This time of the year is hard for many people as the twin specters of family and financial stress loom. Not everyone is making the miracle work. But underneath all of that material duress is the actual spirit of Christmas, the opportunity to get over ourselves and our problems and connect with our family, friends and coworkers and even something larger than ourselves.
(try listening to this while reading)
My first Christmas memory was coming down the stairs in the middle of the night to the soft glow of the lights on the tree and seeing an abundance of gifts that appeared magically in the middle of the night. I had never experienced such wonder before. Santa had come. The myth was real.
Later that year my friend Victor would be run over and killed by a speeding teenager running the cross walk light. We'd been charged by his and my parents to walk to school together for our mutual safety. I got a detention that day for yapping in class and he walked home with another kid. My strongest memory from that was that I had been spared for some purpose.

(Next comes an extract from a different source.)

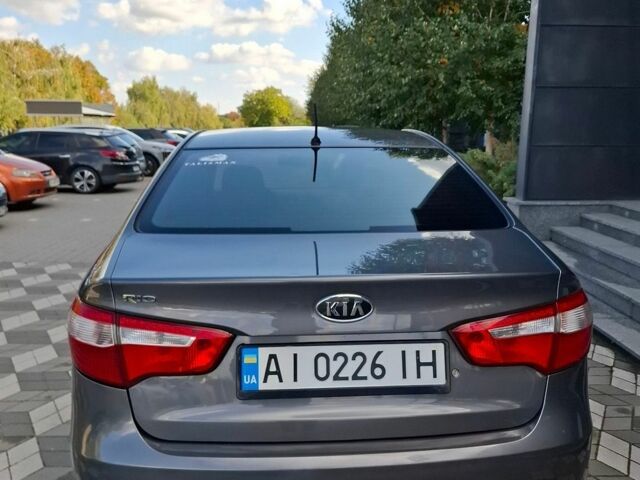 Серый Киа Рио, объемом двигателя 1.4 л и пробегом 131 тыс. км за 7900 $, фото 6 на Automoto.ua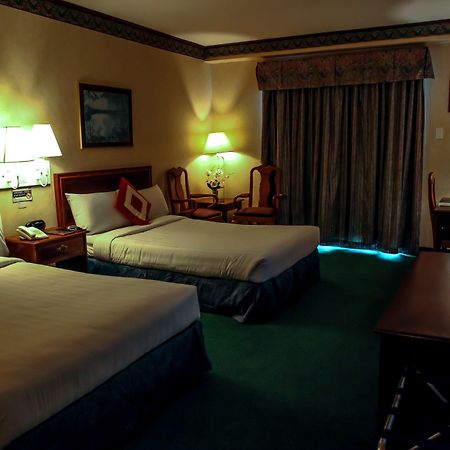Days Hotel Tagaytay Tagaytay City Екстериор снимка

My parents got divorced when I was eleven. The previous Christmas a few months earlier, I found out who Santa really was as I made the mistake of looking out the window of my bedroom to see my father bringing in the following morning's bounty.
My little brother was mesmerized at the sight the next morning. Presents under the tree, cookie crumbs and orange peels everywhere, a glass of milk knocked over on the dining room table, reindeer shit all over the carpet (which was really elk droppings he had picked up in Banff and had been storing in the freezer all year) and the charred, burned-our skeletons of the previous nights fire kicked on to the floor as proof Santa really did come down the chimney. It turns out my father, who never had a father and never really had Christmas really put his back into ours. Santa never came to my house again.
This year we did our office Christmas party a little bit differently. A great many interesting folks gathered in the home of our Host. We mingled, imbibed and noshed, and then went in large buses to see the Tenors perform their Christmas concert. Afterwards we came back to our Host's home, Tenors in tow for cookies and community singing. I had a great chance to connect with the three singers I had coached years before on their journey to their first Juno. I left with a feeling of peace I had not really had at this time of years since I was a young boy–before the death of friends, the death of families and the death of innocence.
There is so much to live for. The challenges of a scary world can wait for the New Year. They and the great opportunities they represent will be there for us to face soon enough. Knowing that we can be facing them together gives us all the little bit of hope we need. Maybe that's the purpose of these next few days.
All the best from my family to your family.